Look below for the line that contains "Thread & Supply" and the line that contains "Daymor Couture - Ruched", then restate both of them and every line in between, exactly. No picture goes in the copy.

Provided data
========

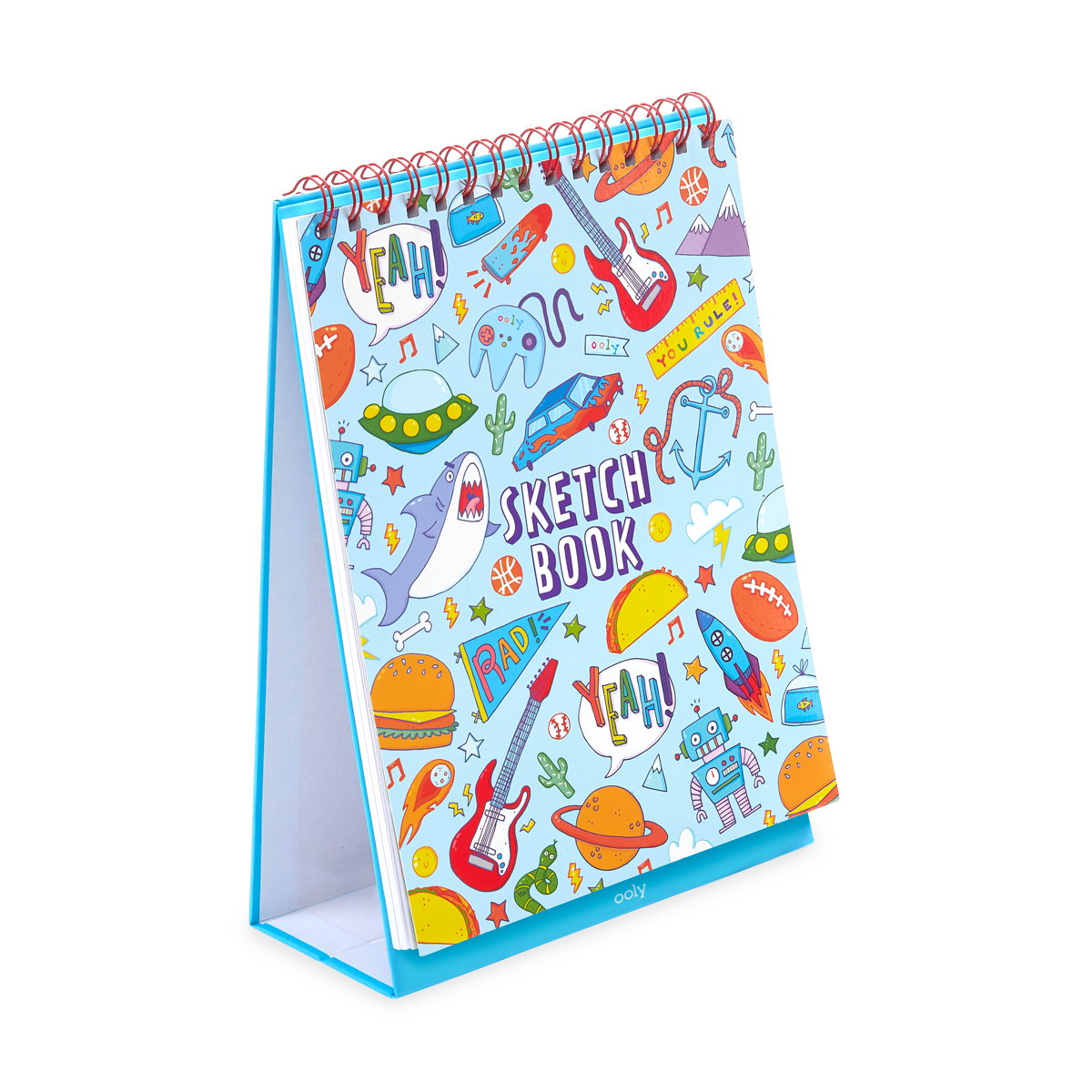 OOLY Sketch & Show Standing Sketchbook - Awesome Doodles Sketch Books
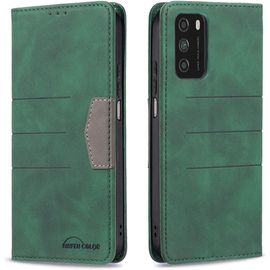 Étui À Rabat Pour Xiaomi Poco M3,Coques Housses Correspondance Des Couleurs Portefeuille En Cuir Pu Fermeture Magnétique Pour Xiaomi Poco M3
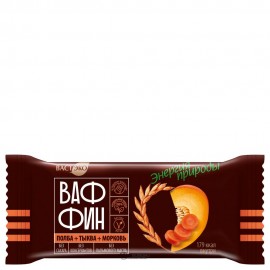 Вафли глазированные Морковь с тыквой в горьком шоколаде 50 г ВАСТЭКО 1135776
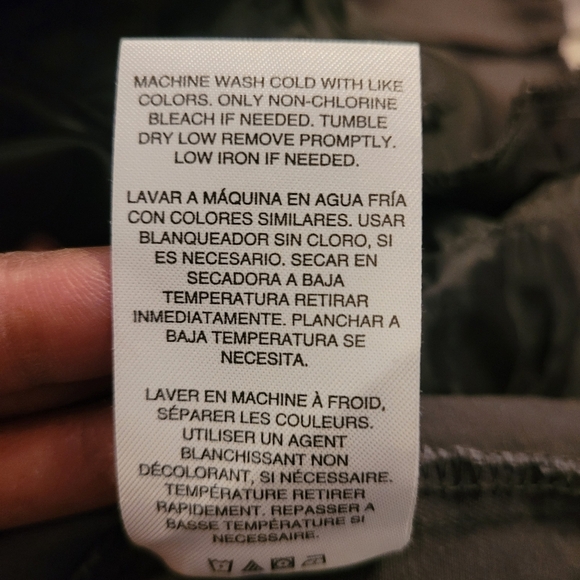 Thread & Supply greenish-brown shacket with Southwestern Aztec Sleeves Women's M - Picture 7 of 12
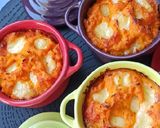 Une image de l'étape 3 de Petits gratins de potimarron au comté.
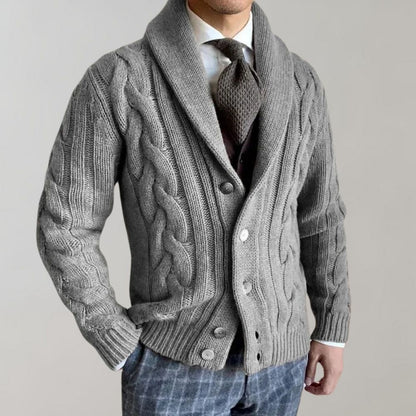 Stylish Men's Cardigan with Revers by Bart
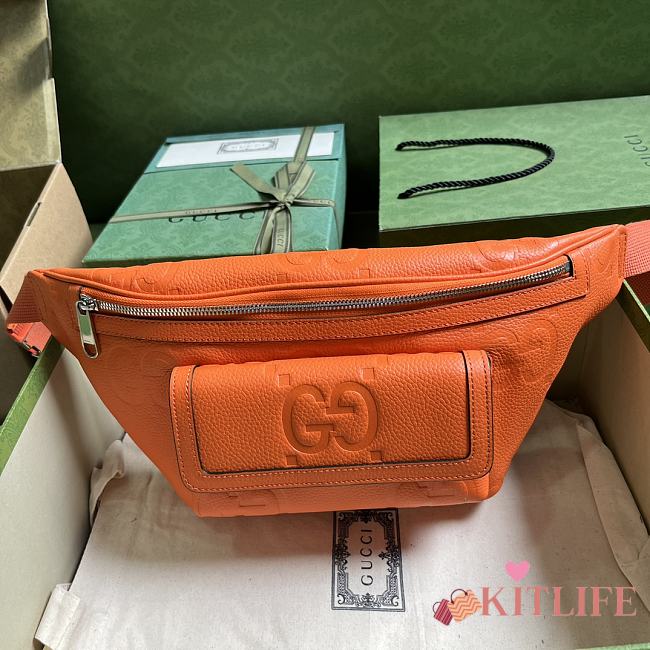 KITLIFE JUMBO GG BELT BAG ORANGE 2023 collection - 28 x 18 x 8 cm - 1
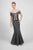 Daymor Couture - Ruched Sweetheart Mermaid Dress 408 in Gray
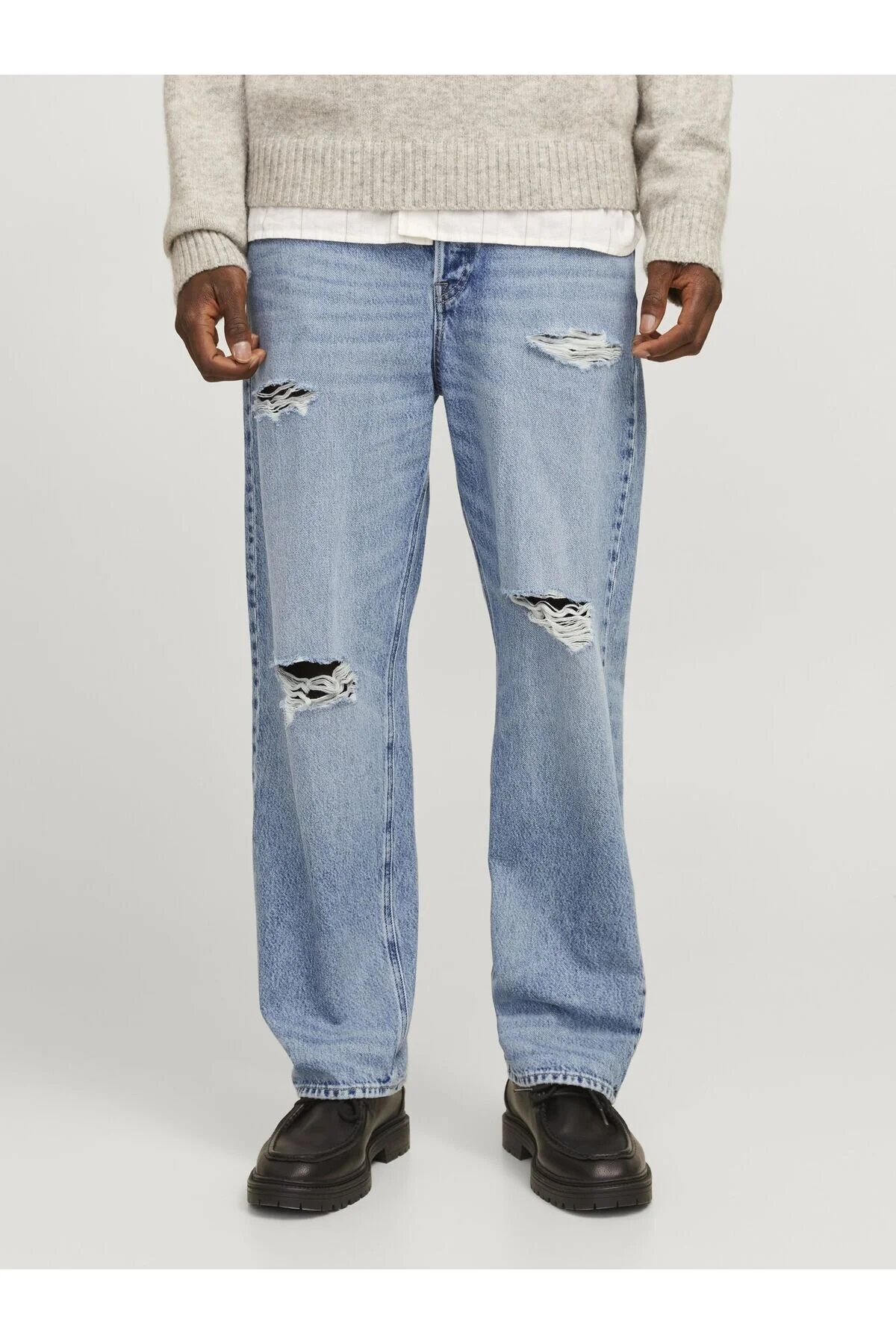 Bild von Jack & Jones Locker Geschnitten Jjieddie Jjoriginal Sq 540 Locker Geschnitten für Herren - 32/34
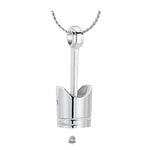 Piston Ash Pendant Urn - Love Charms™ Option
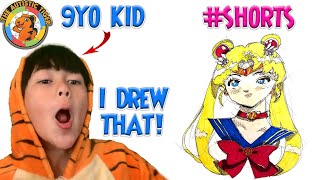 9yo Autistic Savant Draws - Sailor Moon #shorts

========

Task response
 Thread & Supply greenish-brown shacket with Southwestern Aztec Sleeves Women's M - Picture 7 of 12
 Une image de l'étape 3 de Petits gratins de potimarron au comté.
 Stylish Men's Cardigan with Revers by Bart
 KITLIFE JUMBO GG BELT BAG ORANGE 2023 collection - 28 x 18 x 8 cm - 1
 Daymor Couture - Ruched Sweetheart Mermaid Dress 408 in Gray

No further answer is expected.